Job Description -
Senior WEKA Storage Solutions Engineer (HPC Environment)
Must be an architect/Designer level on weka
Full-time position, but they would consider a contractor if they are from a Hedge fund or a big financial institution.
Location: Manhattan, NY (Hybrid) — can be fully remote if located outside the area.
Role Summary: Seeking an architect-level storage engineer to design, build, and operate large-scale WEKA distributed storage environments for high-performance computing (HPC) workloads. The role focuses on performance, scalability, automation, and operational excellence across on-premises and cloud storage infrastructures.
Key Responsibilities
- Design, build, and maintain large-scale HPC WEKA storage and compute environments to support business growth.
- Optimize performance, scalability, and capacity across high-performance storage systems.
- Automate deployment, configuration, and monitoring processes using Chef, Ansible, and Python.
- Support hybrid storage architectures spanning on-premises and cloud (AWS, Google Cloud Platform).
- Collaborate with global engineering and infrastructure teams to enforce standards and enhance system reliability.
- Troubleshoot complex performance and integration issues across hardware, OS, and distributed systems layers.

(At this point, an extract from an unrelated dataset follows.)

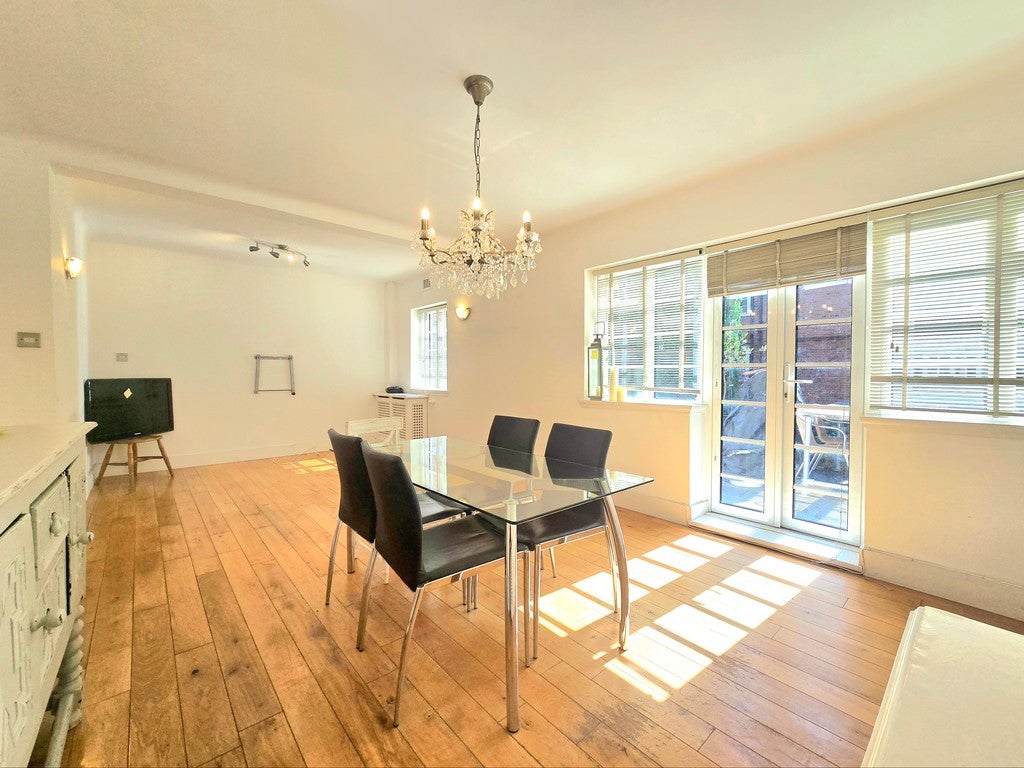 Flat Wimbledon Hill Road in Greater London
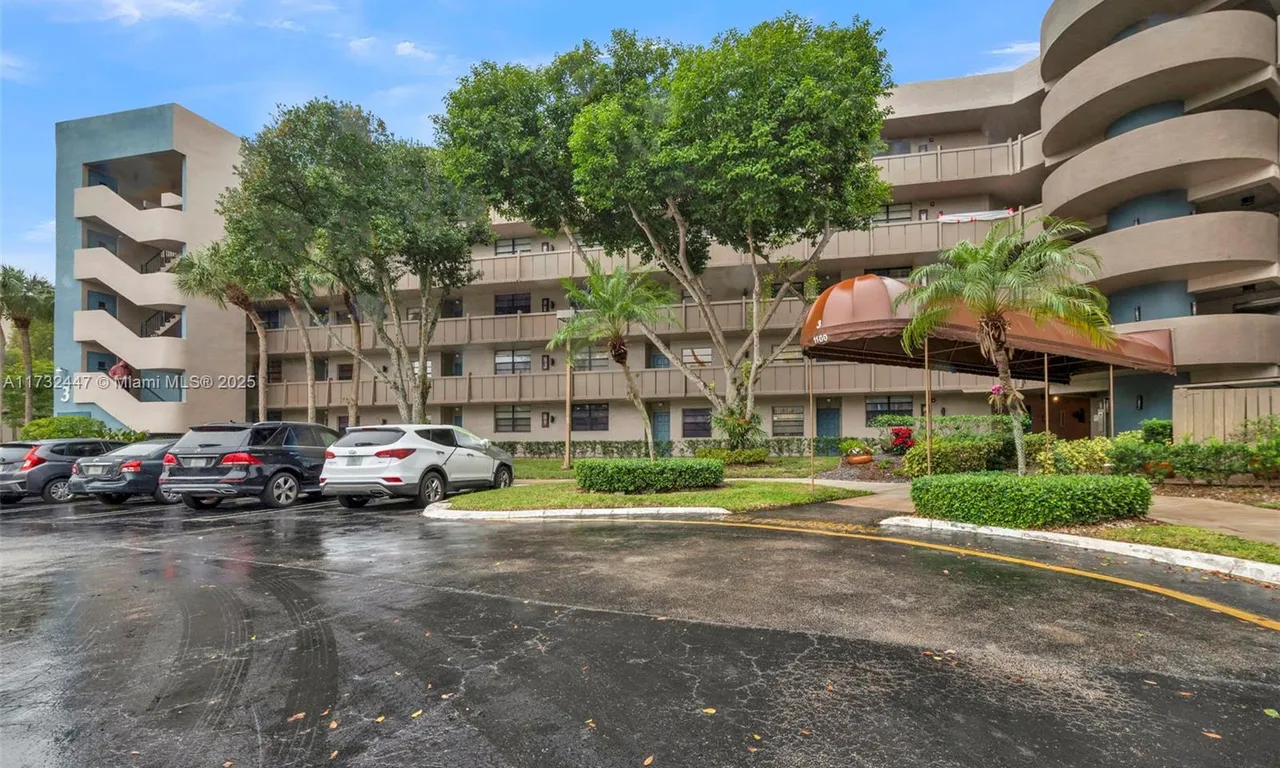 1100 Colony Point Cir # 119, Pembroke Pines FL 33026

- Implement observability solutions (Prometheus, Grafana, Datadog, ELK) to monitor and tune storage performance.
- Develop and maintain infrastructure as code for storage and compute environments.
Requirements
- 5+ years in infrastructure engineering with a focus on distributed storage systems in a Linux environment.
- Proven hands-on experience with WEKA or similar parallel file systems (GPFS, Lustre, Ceph).
- Strong Python skills for automation and tool development.
- Experience managing petabyte-scale storage systems.
- Familiarity with containers, hypervisors, and public cloud infrastructure (AWS, Google Cloud Platform).
- Solid understanding of CI/CD, version control, and modern infrastructure practices.
- Bachelor's degree in Computer Science, Engineering, or related field preferred.
- Strong problem-solving skills and the ability to work independently in fast-paced environments.
Technologies & Tools: WEKA, GPFS, Lustre, Ceph, Linux, Python, Chef, Ansible, Prometheus, Grafana, Datadog, ELK, AWS, Google Cloud Platform, containers, hypervisors, CI/CD and infrastructure-as-code tooling.